2.8’s version of the game does help 3D a little bit, namely by turning a lot of the gimmicky touch screen nonsense into gimmicky controller nonsense instead. The game’s worlds also feel a lot less cramped and the game’s framerate doesn’t chug like it used to, which is to be expected given the more powerful system it’s running on. That doesn’t save the game from feeling like a goofy soup of half-ideas, like forcing you to unwillingly switch between the two protagonists or incorporating a bizarre virtual pet/crafting system, but at least the issues are conceptual rather than technical at this point.
There’s also the elephant in the room: for a game that, at its core, is about Final Fantasy and Disney characters teaming up to fight bad guys, Kingdom Hearts’ plot is basically incomprehensible if you haven’t been playing since the first game, if you didn’t already get that from the existence of a game called Kingdom Hearts X (Chi). Dream Drop Distance in particular relies on you having at least a basic idea of what’s going on in order to make any sense at all. Unless you’re a hardcore Kingdom Hearts fan, you probably won’t have that basic idea, and the game doesn’t really go out of its way to help. Expect to spend some time on Wikia (or, I suppose, Fandom by Wiki as it’s now known) if you’re just now stepping back into the series – and Mickey help you if this is your first Kingdom Hearts game.
The same can be said for the rest of this collection as well; Back Cover relies on you knowing enough about the lore to be interested in Kingdom Hearts Chi, while the new stage starring Aqua isn’t going to do much for you if you haven’t been on top of the plot since Birth By Sleep.

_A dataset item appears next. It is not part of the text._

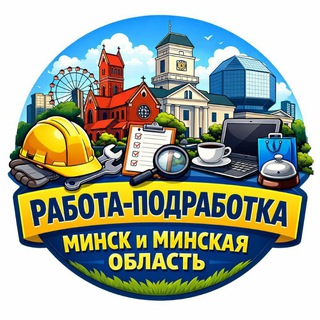 Telegram chat Работа и Подработка - Минск logo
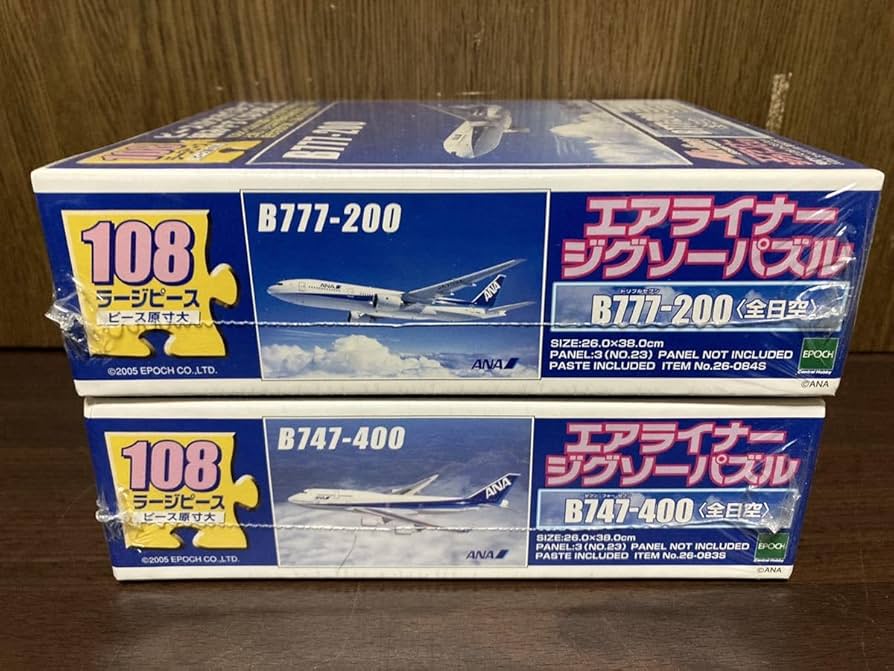 3機セット 1/1000 ANA B747 B767 B777 3機セット 1/1000 ANA B747 B767 B777 アンセット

It’s not bad, per se, but this collection is much more focused on the hardcore Kingdom Hearts-loving demographic than 2014’s Kingdom Hearts 2.5 HD Remix, which included the vastly more accessible Kingdom Hearts 2 and Birth By Sleep.
That pretty much boils this collection down, actually: hardcore fans need only apply with Kingdom Hearts HD 2.8 Final Chapter Prologue. It’s a technically capable collection that does its job, but it requires significant familiarity with the series to appreciate it. Others are probably better off waiting for the upcoming Kingdom Hearts 1.5 + 2.5 Remix, which will include the first and second games as well as plenty of other content goodies. This isn’t a bad collection by any stretch, but to anyone but a hardcore fan, it’ll feel like walking into a movie halfway through.